The two examples I have given you from my interview with Akef and Habib are the reasons why it is imperative to involve the Muslim Brotherhood in the dialogue on reform. If the Muslim Brotherhood ever comes to power in
Egypt , I will not live there again. But if Egypt is to truly reform and work towards a democracy, everyone must be included in the dialogue, including the Muslim Brotherhood.

Furthermore, talking to the Brotherhood and hearing their views is the only to bring out the contradictions and problematic views that still exist in their thinking.

While it is reassuring to hear Habib say “We will never use violence as a tool for change. If we did then we’d be giving legitimacy for it to be used against us. We reject violence and coups.,” it is difficult to pin him down on exactly what role he thinks Sharia will play in Egyptian society if the Brotherhood are ever in power. And will they be a religious or a civil government?
He insisted they would be a civil government but that freedom would operate within a religious framework. Women won’t be forced to wear hijab but the Brotherhood will not tolerate “nudity and public immorality”. Who will define these things? And he also said that they would “of course” censor music videos and put an end to free concerts.

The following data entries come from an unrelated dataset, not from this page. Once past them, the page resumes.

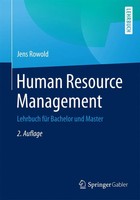 Human Resource Management | Jens Rowold | Lehrbuch FüR Bachelor Und Master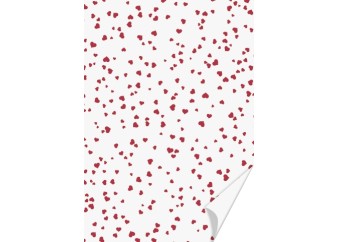 Χαρτόνι Hearts A4 Κόκκινο-Άσπρο Χαρτόνι Hearts A4 Κόκκινο-Άσπρο
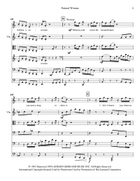 (You Make Me Feel Like) A Natural Woman Small Ensemble scores gallery preview page 4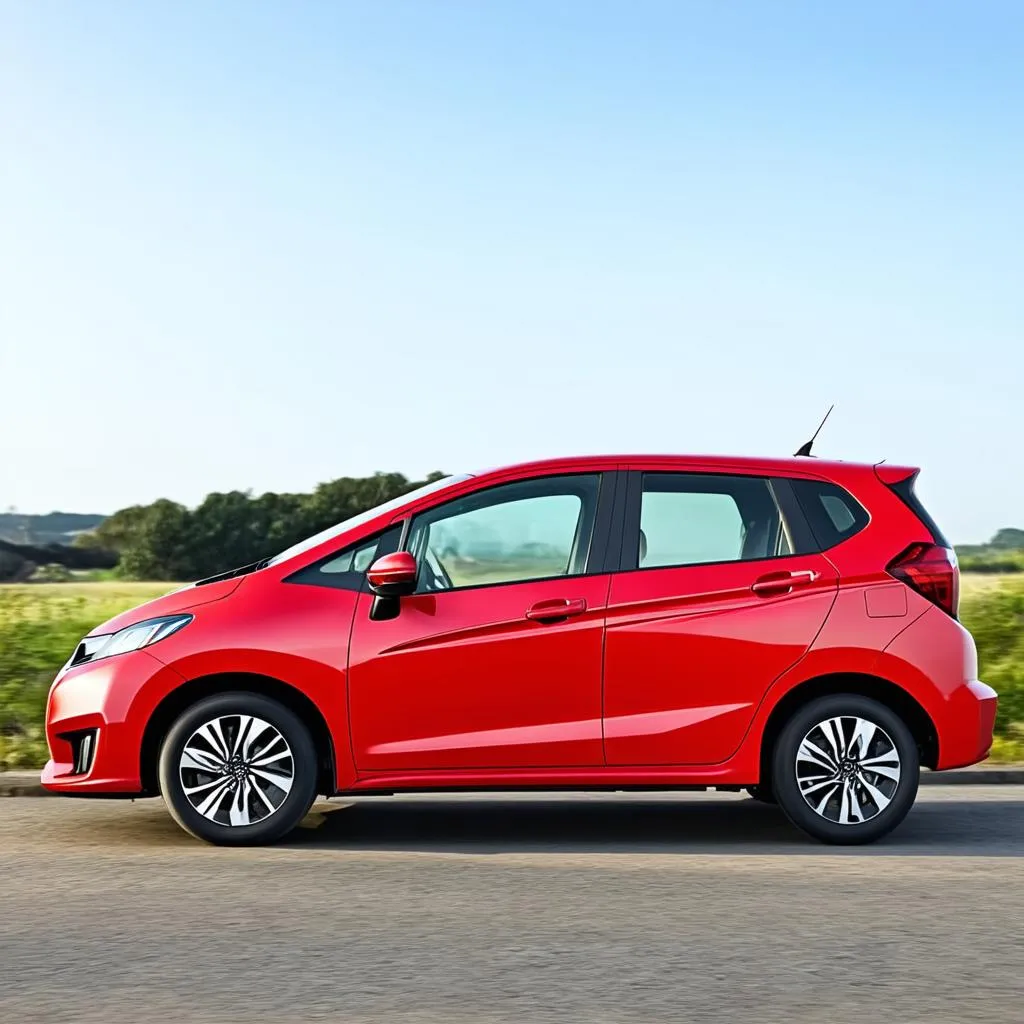 Honda Jazz ngoại thất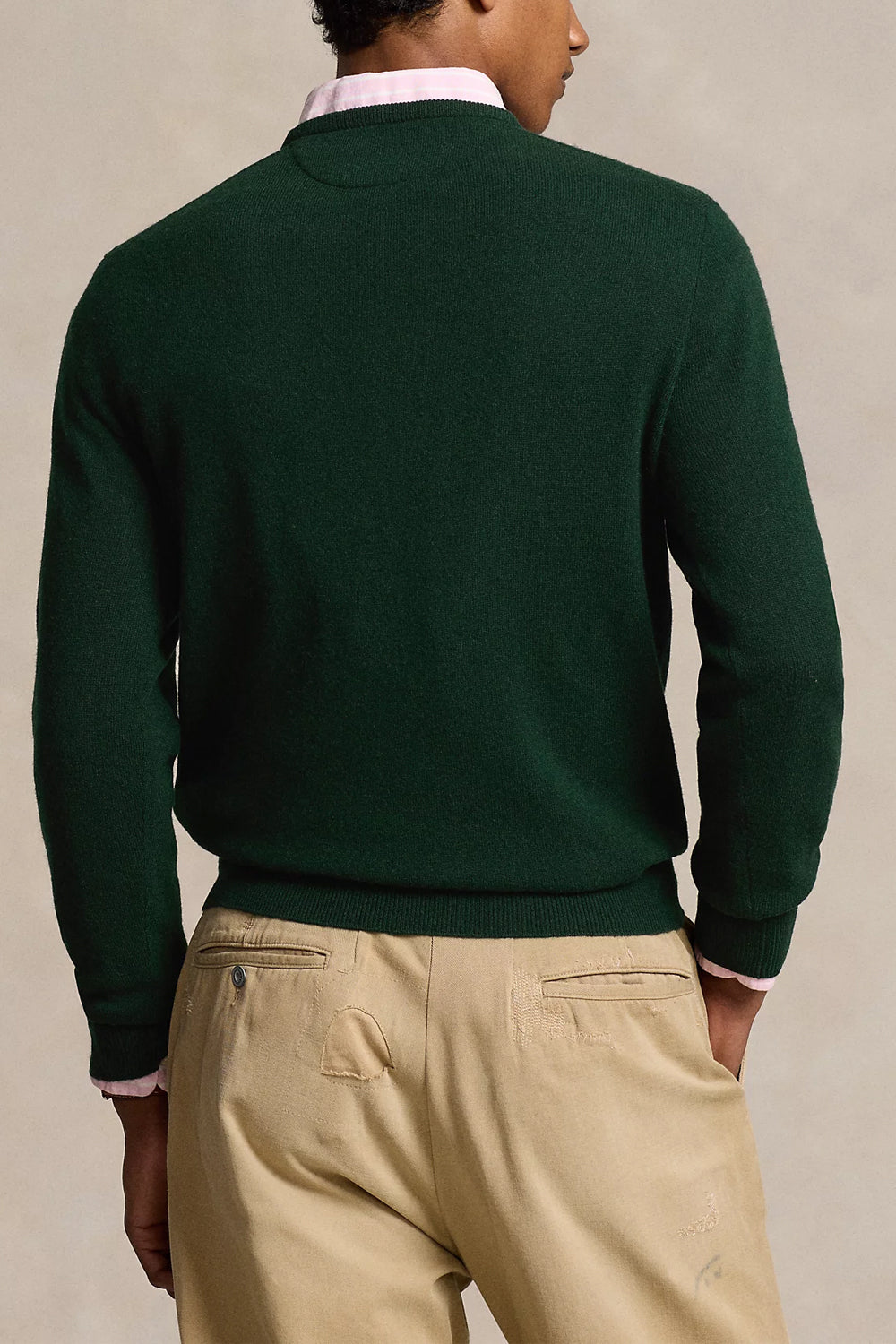 POLO RALPH LAUREN Maglia in lana a girocollo Uncategorized POLO RALPH LAUREN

And what about Christians in Egypt ? Habib said they would be treated as ordinary citizens with all the rights of citizenship but he said they would be subject to Shariah along with Egypt ’s Muslims. This issue has caused untold problems and eventually violence in countries with Christian citizens, such Nigeria and
Pakistan .

So as I said, the Brotherhood must be involved in the dialogue on reform in Egypt because democracy does not exclude anyone but also because it important that their views get aired so that we can challenge them on ideas that are contradictory or problematic.

If they want us to believe they’ve truly changed and that they want to reform Egypt, then why did they walk away from a joint opposition demonstration recently just because some protestors shouted anti-government chants? Egypt’s small but active opposition movement could do with the numbers that the Brotherhood usually bring out to demonstrations but the Brotherhood must not walk away because that only feeds into rumours that they’ve struck a deal with the government to remain non-confrontational in return for the ability to contest more parliamentary seats. Akef and Habib denied this.

And finally, the Egyptian government must know that the biggest antidote to the Brotherhood isn’t to keep the ban on the organization nor is it to throw its members in jail.
It is to widen the political space so that alternatives to the Brotherhood arise. The longer they are barred from politics, the longer their mystique lasts.